The concept of “genocide of the Soviet people” has no grounding in Soviet-era historiography or established international law. President Putin introduced the terminology into Russian public discourse in July 2020, when he declared that Nazi crimes against Soviet citizens “have no statute of limitations” and should be recognized as genocide both at home and globally. Russian courts moved quickly: By October 2020, a court had recognized wartime mass killings as genocide for the first time, and in 2022, the Siege of Leningrad received the same designation. A law ”On Perpetuating the Memory of Victims of the Genocide of the Soviet People” followed in April 2025. State Duma deputies have since proposed criminal penalties for denying that this genocide occurred.
Since April 2025, Natalya Kalashnikova has run the Smolensk Fortress museum, where she has regularly welcomed veterans of the war in Ukraine. She has made nearly monthly trips to the front — in what capacity, her institution has not said — and holds medals for participation in the ”special military operation” and for contributions to Russia’s defense.
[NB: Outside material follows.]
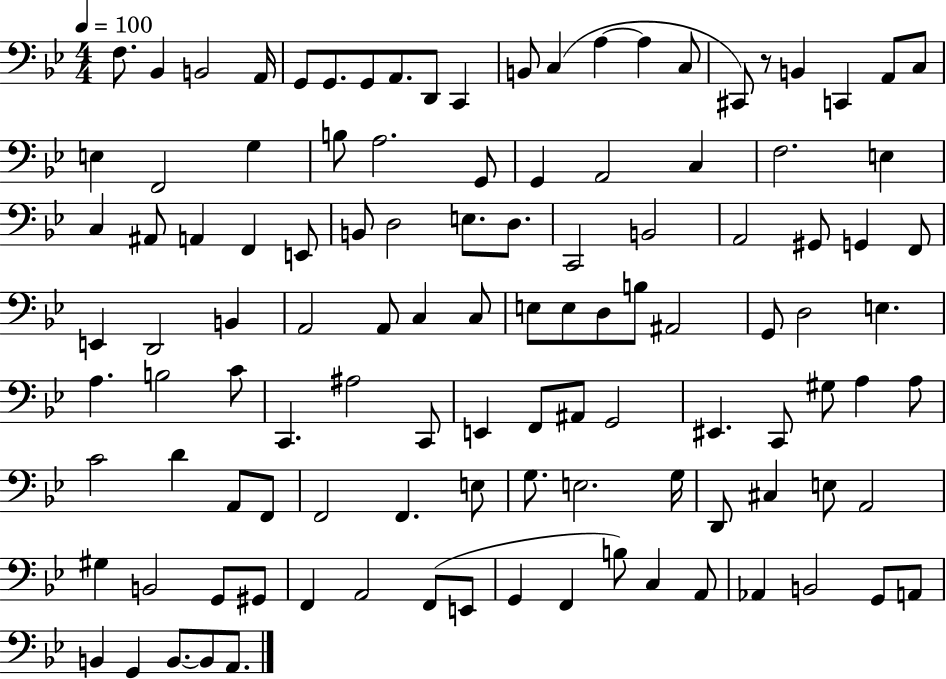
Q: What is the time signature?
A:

In contrast to Kalashnikova’s militant patriotism, her eldest son, now 31, left Russia for Austria just a week before the full-scale invasion began and has not returned. Dmitry Kalashnikov, an alumnus of both the Moscow Conservatory and London’s Royal College of Music, continues to perform abroad; in May 2022, he received one of the Royal College’s top honors from then-Prince Charles.
Before moving into cultural administration, Kalashnikova worked in Russia’s energy sector, overseeing the creation of Krymenergo, the utility established after Russia’s annexation of Crimea. She met the Gulag museum’s existing staff for the first time on February 20, 2026, the same day her appointment was announced.
The institution she is inheriting operated under fundamentally different principles. Founded in 2001, the Gulag History Museum survived until November 2024 as Russia’s only major center preserving the memory of Soviet political repression, serving as a counterweight to the historical amnesia promoted by the Kremlin. The museum’s previous director, Roman Romanov — who held the post from 2012 until he was dismissed in early 2025 — was reportedly forced out after refusing to remove sections about Soviet state violence from an exhibition on Moscow’s history. Putin subsequently removed him from the Presidential Human Rights Council.
One museum employee told the news website Gazeta.ru that the staff is at a loss: “Everyone is confused, trying to decide whether to stay or go. The exhibition will be completely redone, everything will be new. The Gulag museum’s collection will stay in storage — it will just lie there.”
Kalashnikova described the changes as a “reorganization” and said the collection cannot legally be destroyed, as all items are registered state property. She added, with an air of circular logic, that before anyone discusses an opening date, the building’s safety would need to be assessed. “We have to check out the fire situation first — you remember those issues,” she told her new colleagues.